The summer housing market continued to show signs of stabilization in July as more supply came online among fewer buyers, many of whom stepped back following a mid-month rate hike from the Bank of Canada.
The latest numbers from the Canadian Real Estate Association show a total of 41,186 properties sold over the course of the month, marking an 8.7% increase from last year, but roughly flat from June (-0.7%). Meanwhile, the number of newly-listed homes rose by 5.6% annually – not enough to offset year-over-year sales activity, but effectively easing conditions somewhat for buyers.
The average Canadian home price came in at $668,754, up 6.3% from the same time period last year. The MLS Home Price Index – which reflects the most typical type of home sold with the high and low extremes stripped out – dipped -1.5% from last year, but rose 1.1% from June.
According to CREA, just over half of all local markets saw an increase in buyer appetite. That doesn’t include the Greater Toronto Area, however, where a monthly decline of -8.7% was enough to chill the national picture to “slightly negative.” Sales also dipped in the Fraser Valley by -11.1%, but rose in Montreal, Edmonton, and Calgary.
"Following a brief surge of activity in April, housing markets have settled down in recent months, with price growth now also moderating with its usual slight lag,” said Shaun Cathcart, CREA’s Senior Economist.
“Sales and price growth are already showing signs of tapering off further in August in response to the Bank of Canada's mid-July rate hike and messaging regarding above-target inflation for longer than previously expected. We’re probably looking at another round of ʻback to the sidelines’ for some buyers until there’s a higher level of certainty around interest rates going forward.”
The Bank of Canada most recently implemented a 0.25% increase on July 12, bringing its benchmark Overnight Lending Rate – which consumer lenders use to set their variable mortgage rate pricing – to 5%. Overall, the rate has increased by 4.75% since March 2022, following a series of 10 increases – the steepest Canadian central bank hiking cycle in history.
As a result, variable mortgage rates have surged from their pandemic-era lows of 0.85% to the 5.95% - 6.10% range today. Fixed mortgage rates have also increased materially over that time period due to rising bond yields; the lowest five-year fixed-rate option today is currently 5.24%, compared to 2.59% back in March 2022.
Rising home prices and mortgage rates further squeezed buyers
In fact, soaring mortgage rates continue to erode homebuyer affordability across Canada, even in markets where the average home price has dropped.

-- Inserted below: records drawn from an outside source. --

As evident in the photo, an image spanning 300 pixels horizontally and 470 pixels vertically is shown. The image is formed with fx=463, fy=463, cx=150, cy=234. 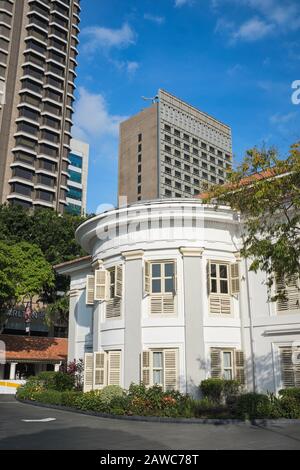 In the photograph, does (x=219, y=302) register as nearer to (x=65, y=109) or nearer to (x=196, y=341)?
(x=196, y=341)

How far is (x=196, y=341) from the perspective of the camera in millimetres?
17688

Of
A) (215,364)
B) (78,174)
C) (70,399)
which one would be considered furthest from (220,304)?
(78,174)

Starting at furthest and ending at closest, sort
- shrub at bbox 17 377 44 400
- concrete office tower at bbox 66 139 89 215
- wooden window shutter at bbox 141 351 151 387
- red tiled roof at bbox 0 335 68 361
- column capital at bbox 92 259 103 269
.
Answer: concrete office tower at bbox 66 139 89 215, red tiled roof at bbox 0 335 68 361, shrub at bbox 17 377 44 400, column capital at bbox 92 259 103 269, wooden window shutter at bbox 141 351 151 387

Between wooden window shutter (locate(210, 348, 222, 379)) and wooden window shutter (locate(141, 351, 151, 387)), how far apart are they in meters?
2.40

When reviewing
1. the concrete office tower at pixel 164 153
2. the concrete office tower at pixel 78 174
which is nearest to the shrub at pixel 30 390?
the concrete office tower at pixel 164 153

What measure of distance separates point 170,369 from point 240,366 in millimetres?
2860

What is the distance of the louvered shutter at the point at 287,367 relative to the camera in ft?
56.6

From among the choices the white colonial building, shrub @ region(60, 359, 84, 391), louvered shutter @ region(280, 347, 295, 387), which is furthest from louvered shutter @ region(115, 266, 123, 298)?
louvered shutter @ region(280, 347, 295, 387)

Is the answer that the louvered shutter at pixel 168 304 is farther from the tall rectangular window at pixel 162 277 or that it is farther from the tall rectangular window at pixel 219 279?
the tall rectangular window at pixel 219 279

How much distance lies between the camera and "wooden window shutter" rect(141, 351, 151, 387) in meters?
17.4

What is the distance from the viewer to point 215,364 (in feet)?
58.5

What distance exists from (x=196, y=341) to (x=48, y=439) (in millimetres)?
7840

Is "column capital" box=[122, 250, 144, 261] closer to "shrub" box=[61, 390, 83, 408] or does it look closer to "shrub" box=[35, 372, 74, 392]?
"shrub" box=[61, 390, 83, 408] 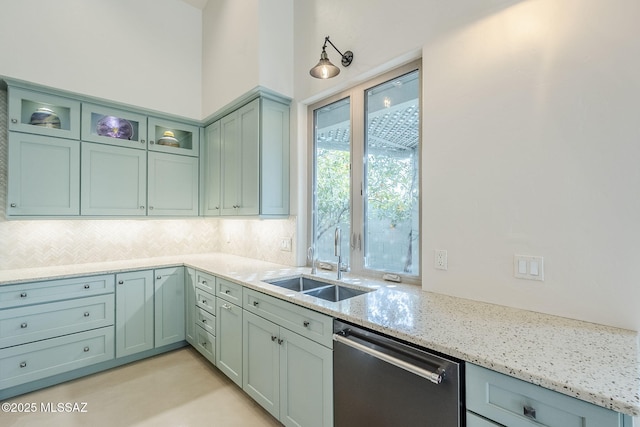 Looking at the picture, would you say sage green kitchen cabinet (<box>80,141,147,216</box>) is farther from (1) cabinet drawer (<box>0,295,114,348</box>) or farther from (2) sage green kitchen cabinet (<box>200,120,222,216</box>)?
(1) cabinet drawer (<box>0,295,114,348</box>)

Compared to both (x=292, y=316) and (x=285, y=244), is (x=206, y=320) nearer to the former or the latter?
(x=285, y=244)

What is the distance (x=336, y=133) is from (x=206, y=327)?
2.12m

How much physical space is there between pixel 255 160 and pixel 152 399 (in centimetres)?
207

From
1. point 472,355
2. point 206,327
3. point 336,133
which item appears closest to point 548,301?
point 472,355

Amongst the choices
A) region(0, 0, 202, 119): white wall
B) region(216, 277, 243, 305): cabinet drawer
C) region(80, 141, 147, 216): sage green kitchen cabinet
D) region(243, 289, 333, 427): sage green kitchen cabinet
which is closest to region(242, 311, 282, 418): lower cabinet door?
region(243, 289, 333, 427): sage green kitchen cabinet

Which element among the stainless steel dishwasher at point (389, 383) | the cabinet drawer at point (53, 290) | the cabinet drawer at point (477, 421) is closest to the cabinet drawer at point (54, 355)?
the cabinet drawer at point (53, 290)

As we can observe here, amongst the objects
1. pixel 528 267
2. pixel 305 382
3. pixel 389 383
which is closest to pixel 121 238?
pixel 305 382

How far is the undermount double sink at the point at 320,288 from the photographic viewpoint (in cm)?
212

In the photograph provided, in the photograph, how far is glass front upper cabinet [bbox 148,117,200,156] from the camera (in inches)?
127

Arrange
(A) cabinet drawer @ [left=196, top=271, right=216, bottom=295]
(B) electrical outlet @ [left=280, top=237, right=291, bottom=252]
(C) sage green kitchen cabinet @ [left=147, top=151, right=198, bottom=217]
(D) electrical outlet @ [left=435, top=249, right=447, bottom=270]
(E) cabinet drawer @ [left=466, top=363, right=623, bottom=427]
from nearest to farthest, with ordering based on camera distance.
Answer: (E) cabinet drawer @ [left=466, top=363, right=623, bottom=427], (D) electrical outlet @ [left=435, top=249, right=447, bottom=270], (A) cabinet drawer @ [left=196, top=271, right=216, bottom=295], (B) electrical outlet @ [left=280, top=237, right=291, bottom=252], (C) sage green kitchen cabinet @ [left=147, top=151, right=198, bottom=217]

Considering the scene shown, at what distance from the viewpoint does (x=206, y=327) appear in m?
2.75

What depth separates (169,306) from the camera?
302 centimetres

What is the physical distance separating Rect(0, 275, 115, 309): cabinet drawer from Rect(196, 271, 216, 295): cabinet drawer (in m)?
0.73

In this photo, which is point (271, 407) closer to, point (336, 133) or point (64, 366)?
point (64, 366) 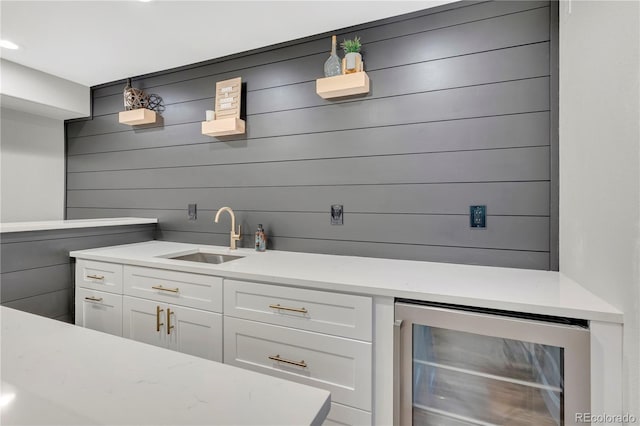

Recent data from Ratehub.ca shows that the income required to purchase the average-priced home increased in all 10 major cities studied, due to higher mortgage rates putting upward pressure on the mortgage stress test threshold. Based on July 2023 and June 2023 real estate data, the report illustrates how changing mortgage rates, stress test rates and real estate prices are impacting the income needed to buy a home.
“Most Canadians can now expect an average stress test of 8% or higher, which is the highest stress test home buyers have ever seen,” says James Laird, Co-CEO of Ratehub.ca and President of CanWise mortgage lender.
“Mortgage rates increased significantly from June to July, which has caused every city we looked at to become less affordable, even though home values were down in some cities. More income is required to qualify for the average home in all 10 cities we looked at, including the four cities where home prices decreased.”
As has been the trend in recent months, Vancouver buyers saw affordability deteriorate by the largest margin; a month-over-month increase in home values of $7,700, combined with the rising stress test means the average buyer saw their income requirements surge by nearly $9,000 over a one-month span.
“Again, Vancouver saw the biggest increase in home values month over month at $7,700. This combined with higher rates means within a single month, you now need an additional $8,970 in income to qualify for the average home. This is the largest increase of the 10 cities we looked at,” says Laird.
The Toronto real estate market, despite absorbing a month-over-month home price decrease of $10,100, came in fourth, with buyers needing $5,450 more in income.
The market saw affordability decline the least was Winnipeg; with the average home there selling for $900 less than in June, today’s buyer needs to earn $2,000 more to afford the average-priced home in the city.